▶ **YOUR GOAL**
Please output the listing exactly as it stands, but omit any images.

▶ **RECORDS FOR PROCESSING**
Content starts
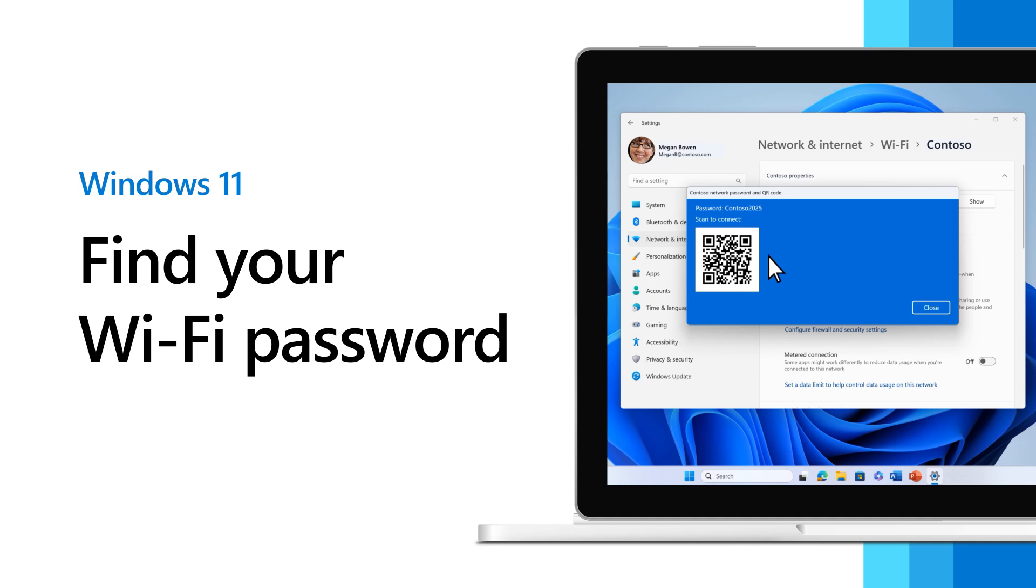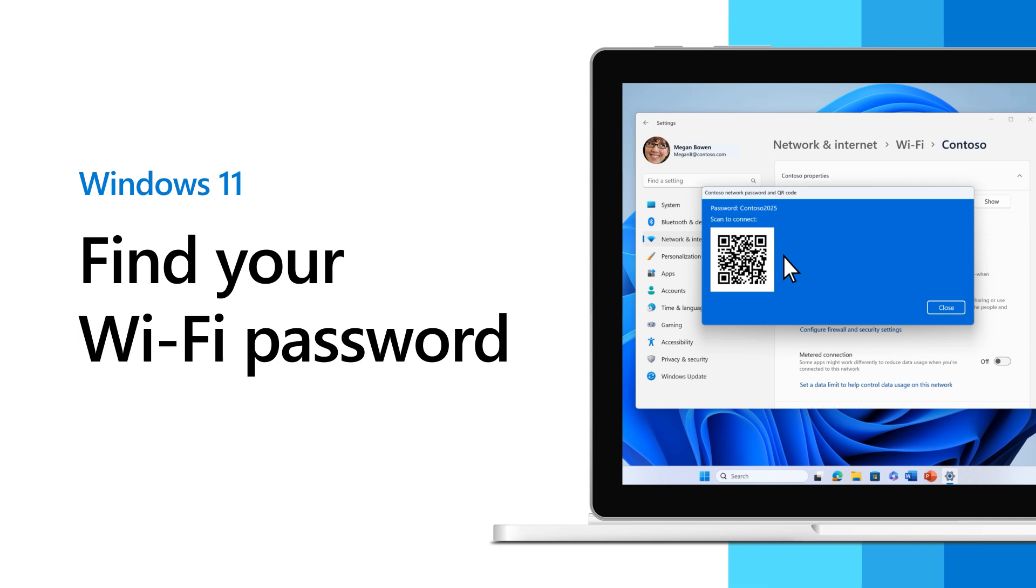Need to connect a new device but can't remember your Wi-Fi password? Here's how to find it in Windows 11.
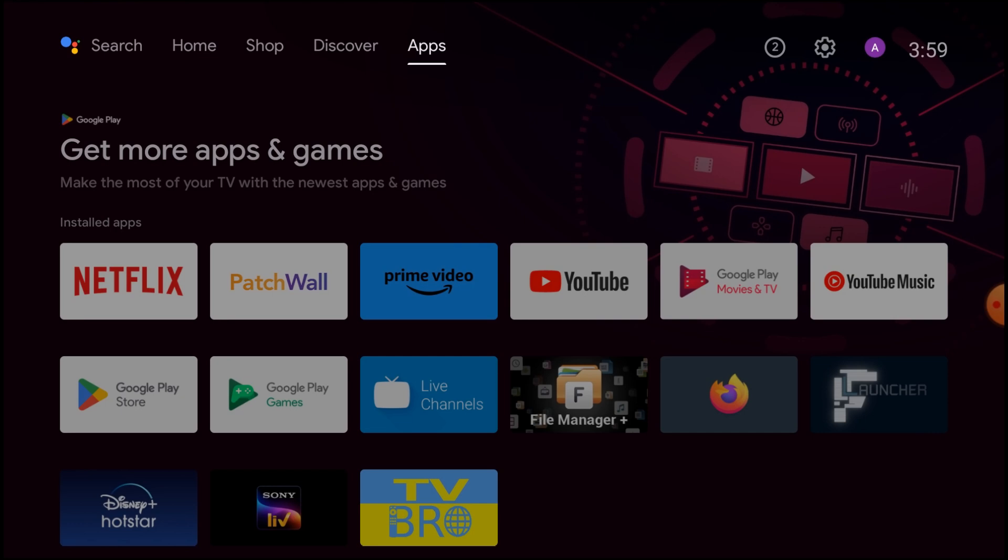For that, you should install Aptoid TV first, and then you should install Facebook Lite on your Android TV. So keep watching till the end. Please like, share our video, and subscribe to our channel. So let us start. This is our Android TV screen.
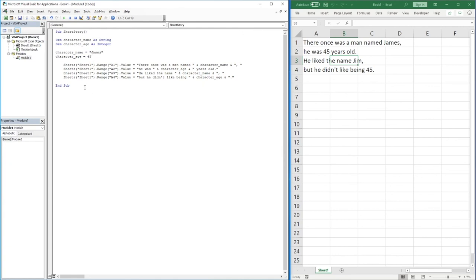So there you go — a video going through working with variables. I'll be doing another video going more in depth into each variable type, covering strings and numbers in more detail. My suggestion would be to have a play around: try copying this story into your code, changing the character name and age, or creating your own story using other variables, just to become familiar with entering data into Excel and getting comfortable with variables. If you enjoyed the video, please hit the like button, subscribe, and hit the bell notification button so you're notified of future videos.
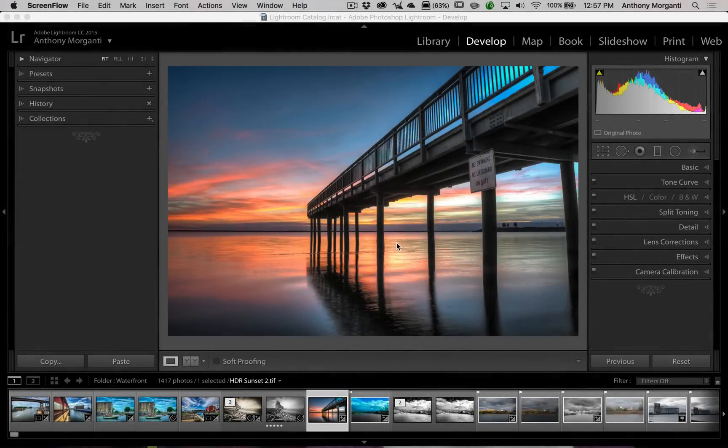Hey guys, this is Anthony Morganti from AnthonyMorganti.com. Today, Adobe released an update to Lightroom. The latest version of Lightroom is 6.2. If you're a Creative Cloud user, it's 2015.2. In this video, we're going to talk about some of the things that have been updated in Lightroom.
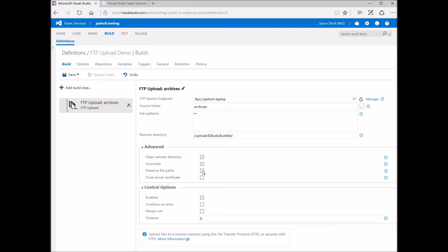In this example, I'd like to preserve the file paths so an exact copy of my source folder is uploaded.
Content ends
▶ **SOLUTION FOR THIS EXERCISE**
Need to connect a new device but can't remember your Wi-Fi password? Here's how to find it in Windows 11.
For that, you should install Aptoid TV first, and then you should install Facebook Lite on your Android TV. So keep watching till the end. Please like, share our video, and subscribe to our channel. So let us start. This is our Android TV screen.
So there you go — a video going through working with variables. I'll be doing another video going more in depth into each variable type, covering strings and numbers in more detail. My suggestion would be to have a play around: try copying this story into your code, changing the character name and age, or creating your own story using other variables, just to become familiar with entering data into Excel and getting comfortable with variables. If you enjoyed the video, please hit the like button, subscribe, and hit the bell notification button so you're notified of future videos.
Hey guys, this is Anthony Morganti from AnthonyMorganti.com. Today, Adobe released an update to Lightroom. The latest version of Lightroom is 6.2. If you're a Creative Cloud user, it's 2015.2. In this video, we're going to talk about some of the things that have been updated in Lightroom.
In this example, I'd like to preserve the file paths so an exact copy of my source folder is uploaded.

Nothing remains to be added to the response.